While working at Booking.com, I was looking for a solution to logging that matched the ease of use and power as Graphite did for metrics. Reluctant to bring a new technology into production, I talked to co-workers and one mentioned that they were using ElasticSearch in some front-end systems for search and disambiguation. He mentioned hearing there were a few projects using ElasticSearch for storing log data.

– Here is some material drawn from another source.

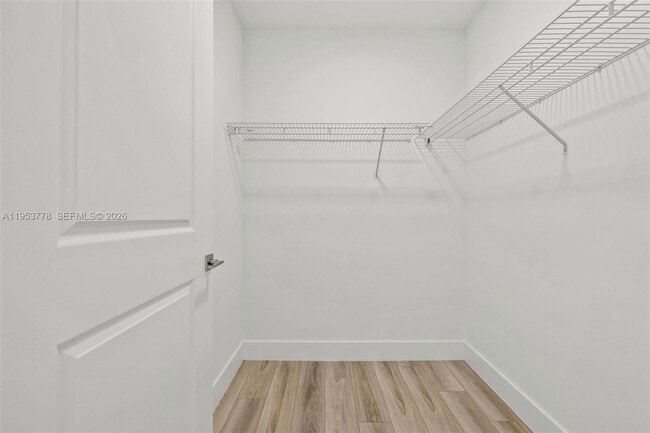 Building Photo - 101 Diplomat Pkwy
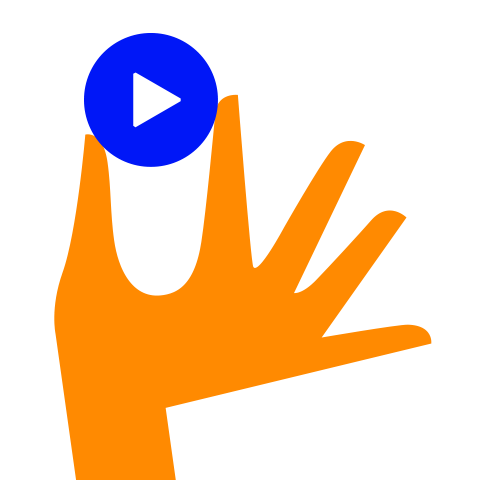 Alt tag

This began my love-hate-love relationship with ElasticSearch. I've spent the past 8 years working with ElasticSearch professionally and in my spare time. Graphite and ElasticSearch are two projects that change the game in terms of exploring your data. The countless insights I've gained into system performance, application performance, and system and network security with these tools is unparalleled. Tools like Grafana and Kibana allow you to visualize your data quickly and beautifully. As a system and security engineer, sometimes this isn't enough. I spend most of my day in a terminal and needed something to explore and pivot through the data there.
This is the first part, in a many part series about a tool I created to make ElasticSearch's powerful search interface more accessible from the terminal. This tool has been essential to nearly every incident I've investigated. It was developed with the help, patience, and amazing ideas from co-workers both at Booking.com and now at Craigslist.
Perl Setup
I'm a Perl programmer. You may have strong feelings about that, but Perl has been good to me. The freedom to write code as beautifully, or as ugly, as I need to get the job done is liberating. I recommend using Perl 5.28 or newer with Perlbrew.
You should be comfortable with the command line, so follow the steps to install Perlbrew from it's homepage. After that:
$ perlbrew init
$ perlbrew install -j 8 -n --thread 5.28.2
$ perlbrew switch 5.28.2
$ perlbrew install-cpanm
Now that you have a working, local, user managed Perl, we'll install the toolset.
$ cpanm App::ElasticSearch::Utilities
The utilities and their dependencies will be installed in your local, user managed Perl path.
(Some) Utilities Installed
es-alias-manager.pl
- Alternative to curator for managing aliases for indexeses-apply-settings.pl
- Applies settings to an index based on index name and age.es-copy-index.pl
- Tool for copying all (or based on a search) documents from an index on the same or a different cluster to another index, optionally supports supplying alternate settings/mappings for the destination index if it's being createdes-daily-index-maintenance.pl
- Alternative to curator for maintaining index life spanses-graphite-dynamic.pl
- Script to extract ElasticSearch Performance metrics into Graphite directly or via collectd/diamond.es-status.pl
- A quick "how's the cluster" status overviewes-storage-overview.pl
- Check how much storage each node and/or index is consuming in the cluster.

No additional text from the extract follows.